Get-ClusterSharedVolumeState [[-Name] <StringCollection>] [-Node <StringCollection>] [-InputObject <psobject>] [-Cluster <string>] [<CommonParameters>]

If you run this PowerShell cmdlet providing name of the cluster Physical Disk Resource then for each cluster node it will tell you if on that node if the volume is in File System Redirected mode or Block Level Redirected mode, and will tell you the reason.

Here is how output would look like if Direct IO is possible

PS C:\Windows\system32> get-ClusterSharedVolumeState -Name "Cluster Disk 1"
Name                         : Cluster Disk 1
VolumeName                   : \\?\Volume{1c67fa80-1171-4a9e-9f41-0bb132e88ee4}\
Node                         : clus01
StateInfo                    : Direct
VolumeFriendlyName           : Volume1
FileSystemRedirectedIOReason : NotFileSystemRedirected
BlockRedirectedIOReason      : NotBlockRedirected

Name                         : Cluster Disk 1
VolumeName                   : \\?\Volume{1c67fa80-1171-4a9e-9f41-0bb132e88ee4}\
Node                         : clus02
StateInfo                    : Direct
VolumeFriendlyName           : Volume1
FileSystemRedirectedIOReason : NotFileSystemRedirected
BlockRedirectedIOReason      : NotBlockRedirected

In the output above you can see that Direct IO on this volume is possible on both cluster nodes.

If we put this disk in File System Redirected mode using

PS C:\Windows\system32> Suspend-ClusterResource -Name "Cluster Disk 1" -RedirectedAccess -Force

Name                                    State                                   Node
----                                    -----                                   ----
Cluster Disk 1                          Online(Redirected)                      clus01

Then output of get-ClusterSharedVolumeState will change to

PS C:\Windows\system32> get-ClusterSharedVolumeState -Name "Cluster Disk 1"

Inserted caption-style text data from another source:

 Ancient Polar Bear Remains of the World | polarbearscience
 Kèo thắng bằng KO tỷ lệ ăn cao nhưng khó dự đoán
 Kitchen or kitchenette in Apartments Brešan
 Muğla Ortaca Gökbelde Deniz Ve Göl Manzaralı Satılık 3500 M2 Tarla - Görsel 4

Name                         : Cluster Disk 1
VolumeName                   : \\?\Volume{1c67fa80-1171-4a9e-9f41-0bb132e88ee4}\
Node                         : clus01
StateInfo                    : FileSystemRedirected
VolumeFriendlyName           : Volume1
FileSystemRedirectedIOReason : UserRequest
BlockRedirectedIOReason      : NotBlockRedirected

Name                         : Cluster Disk 1
VolumeName                   : \\?\Volume{1c67fa80-1171-4a9e-9f41-0bb132e88ee4}\
Node                         : clus02
StateInfo                    : FileSystemRedirected
VolumeFriendlyName           : Volume1
FileSystemRedirectedIOReason : UserRequest
BlockRedirectedIOReason      : NotBlockRedirected

You can turn off File System redirected mode using following cmdlet

PS C:\Windows\system32> resume-ClusterResource -Name "Cluster Disk 1"

Name                                    State                                   Node
----                                    -----                                   ----
Cluster Disk 1                          Online                                  clus01

State of CSV volume does not have to be the same on all nodes. For instance if disk is not connected to all the nodes then you might see volume in Direct mode on nodes where disk is connected and in BlockRedirected mode on the nodes where it is not connected.

CSV volume might be in a Block Level Redirected mode for one of the following reasons

NoDiskConnectivity– Disk is not visible on/connected to this node. You need to validate your SAN settings.
StorageSpaceNotAttached– Space is not attached on this node. Many Storage Spaces on disk formats are not trivial, and cannot be accessed for read/write by multiple nodes at the same time. Cluster enforces that a Space is accessible by only one cluster node at a time. Space is detached on all other nodes and it is attached only on the node where corresponding Physical Disk Resource is online. The only type of Space that can be attached on multiple nodes and is a Simple Space, which does not have write-back cache.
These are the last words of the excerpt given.